In your copy of the data, omit the pictures and keep all else exactly as given.

▸ Given material:
== Segment start ==
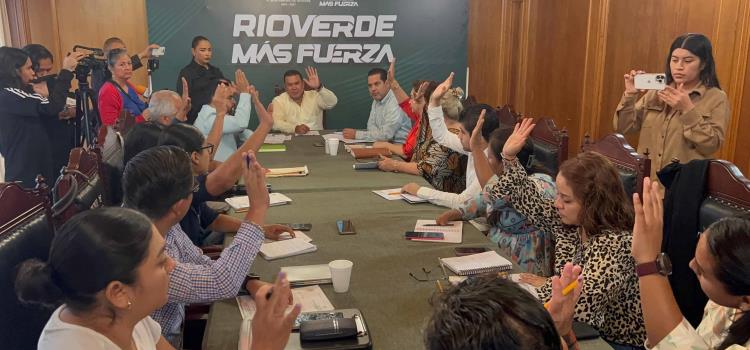 En sesión de cabildo presidida por Arnulfo Urbiola aprobaron proyecto En sesión de cabildo presidida por Arnulfo Urbiola aprobaron proyecto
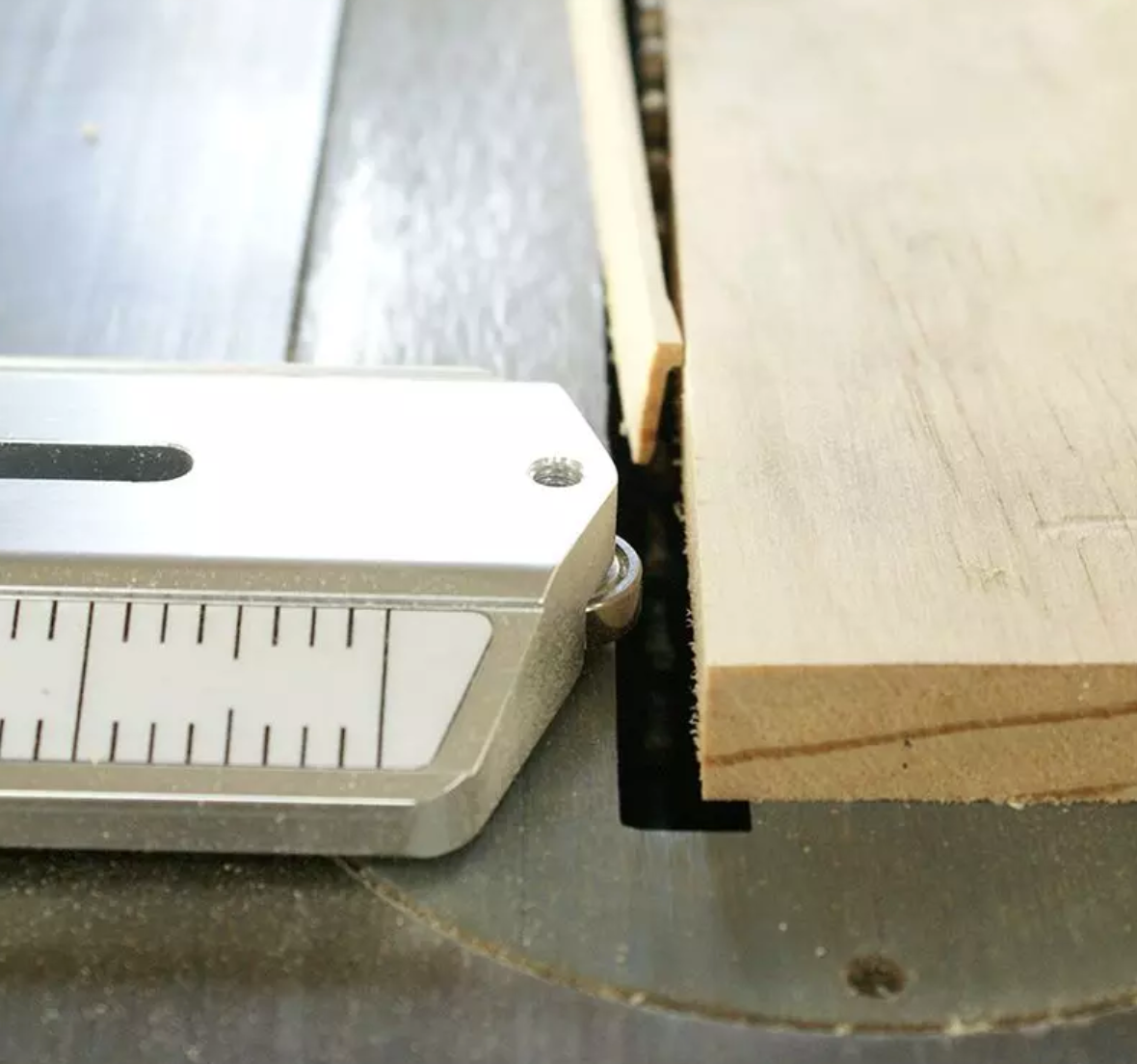 Thin Rip Table Saw Jig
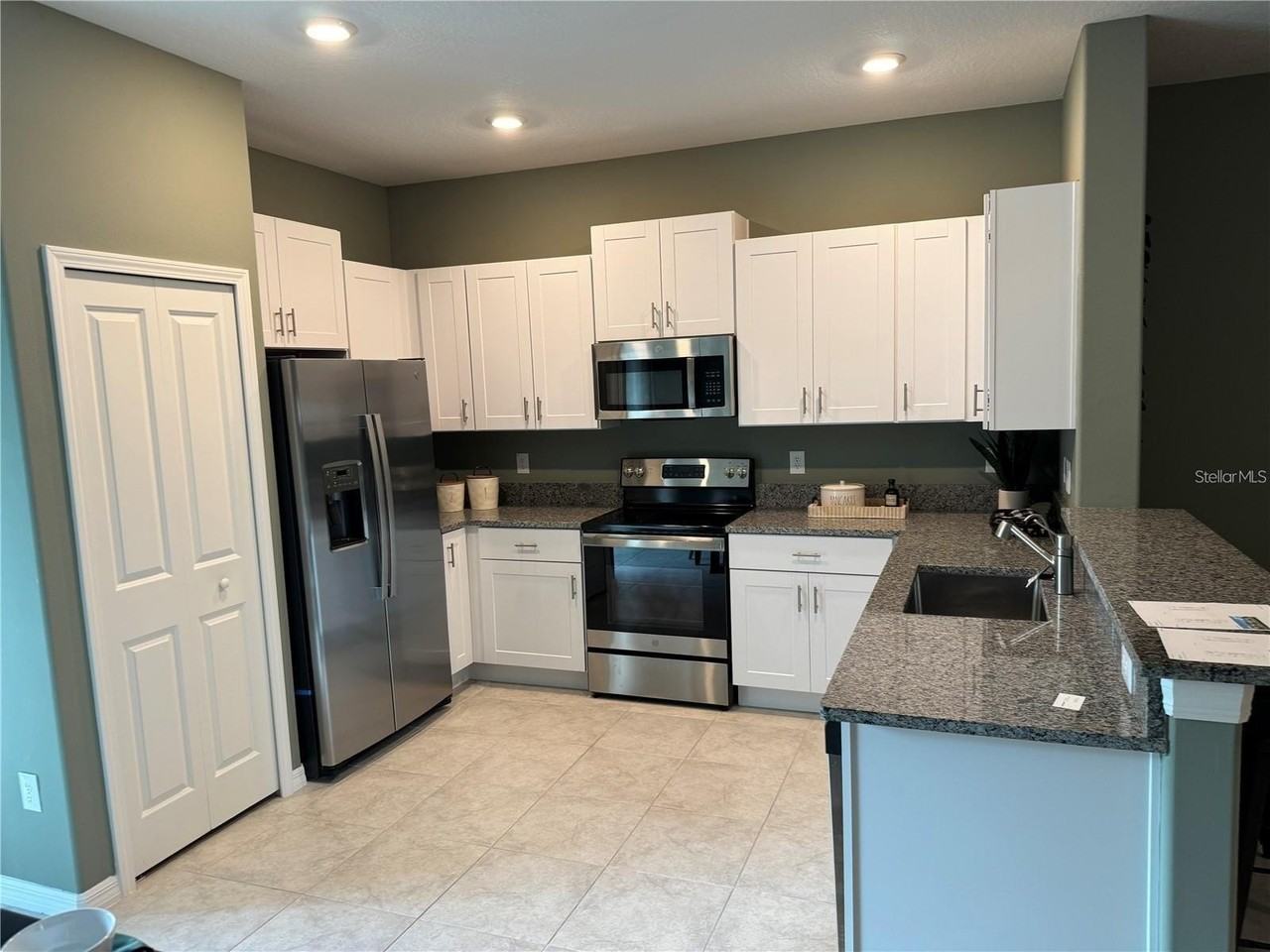 6071 Acara Ln - Photo 4 of 11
== Segment end ==
▸ Answer to the exercise:
 En sesión de cabildo presidida por Arnulfo Urbiola aprobaron proyecto En sesión de cabildo presidida por Arnulfo Urbiola aprobaron proyecto
 Thin Rip Table Saw Jig
 6071 Acara Ln - Photo 4 of 11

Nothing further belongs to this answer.